**WHAT THE TASK REQUIRES:** Pictures are not part of the copy; retype all the records below exactly.

DATA FOR THIS EXERCISE: Begin

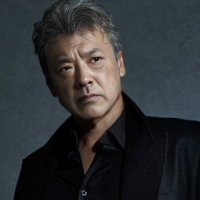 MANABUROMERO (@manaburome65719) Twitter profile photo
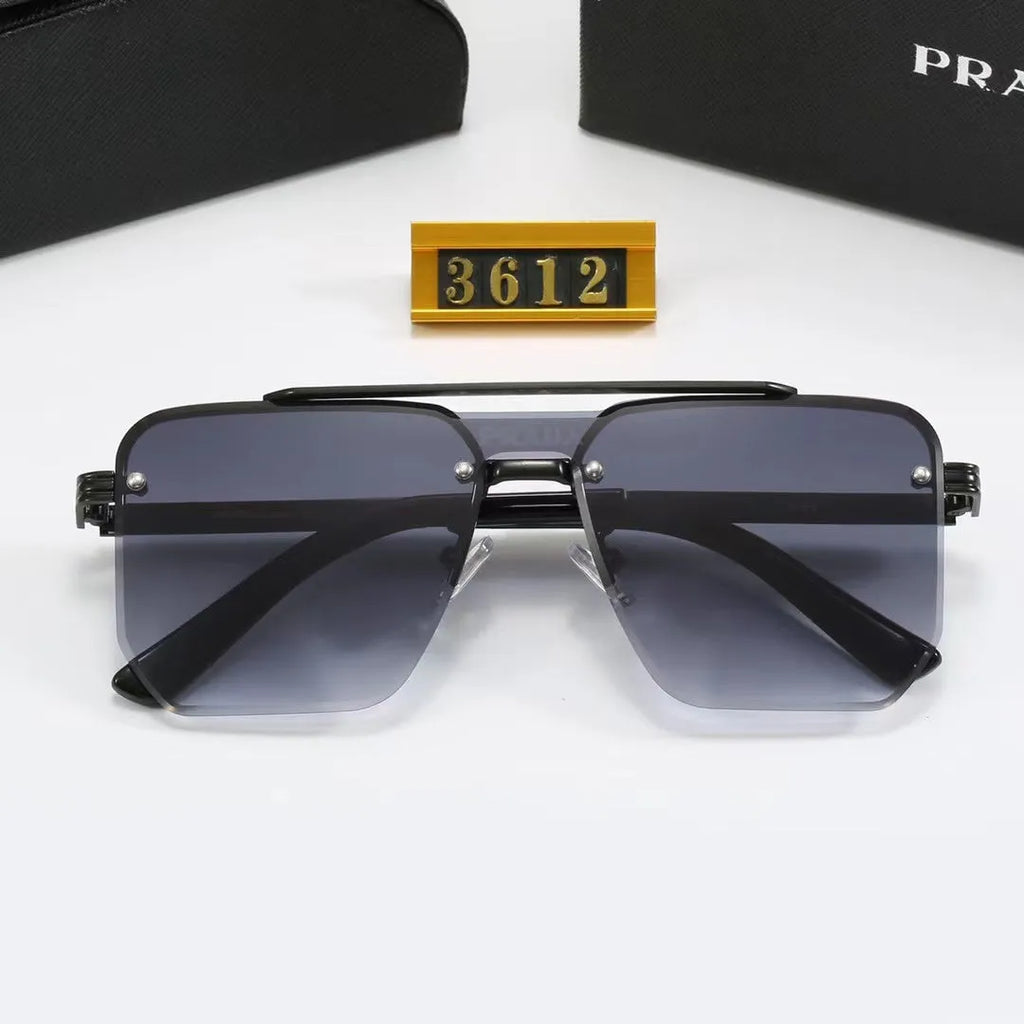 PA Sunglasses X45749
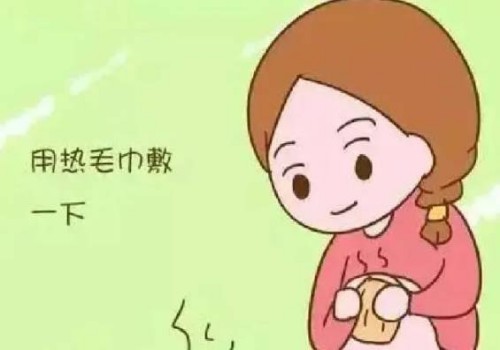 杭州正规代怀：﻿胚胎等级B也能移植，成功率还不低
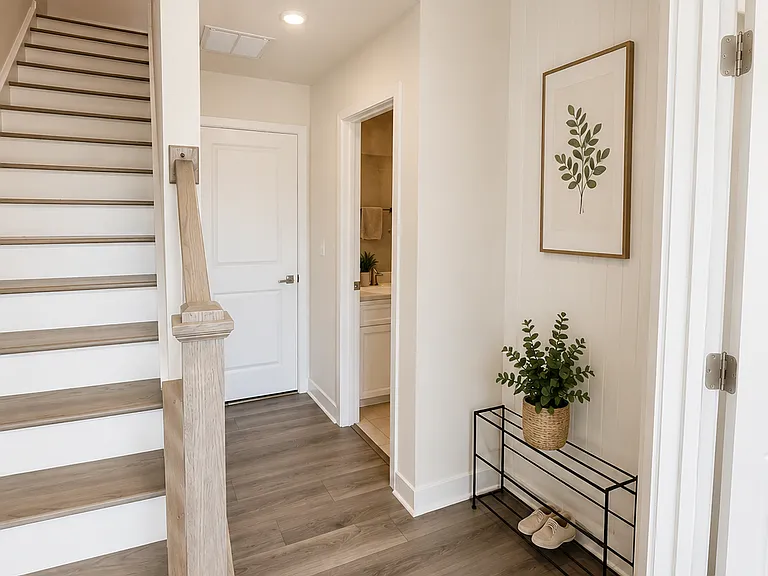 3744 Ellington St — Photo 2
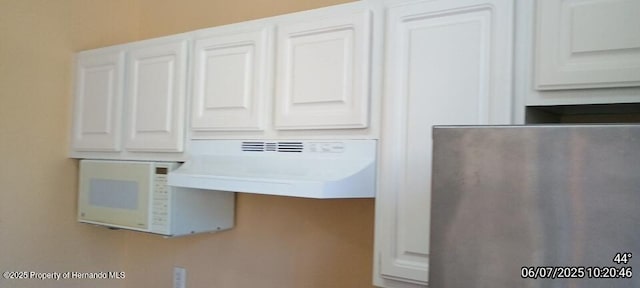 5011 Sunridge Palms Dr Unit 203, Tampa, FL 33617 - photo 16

DATA FOR THIS EXERCISE: End

**TASK OUTPUT:**
 MANABUROMERO (@manaburome65719) Twitter profile photo
 PA Sunglasses X45749
 杭州正规代怀：﻿胚胎等级B也能移植，成功率还不低
 3744 Ellington St — Photo 2
 5011 Sunridge Palms Dr Unit 203, Tampa, FL 33617 - photo 16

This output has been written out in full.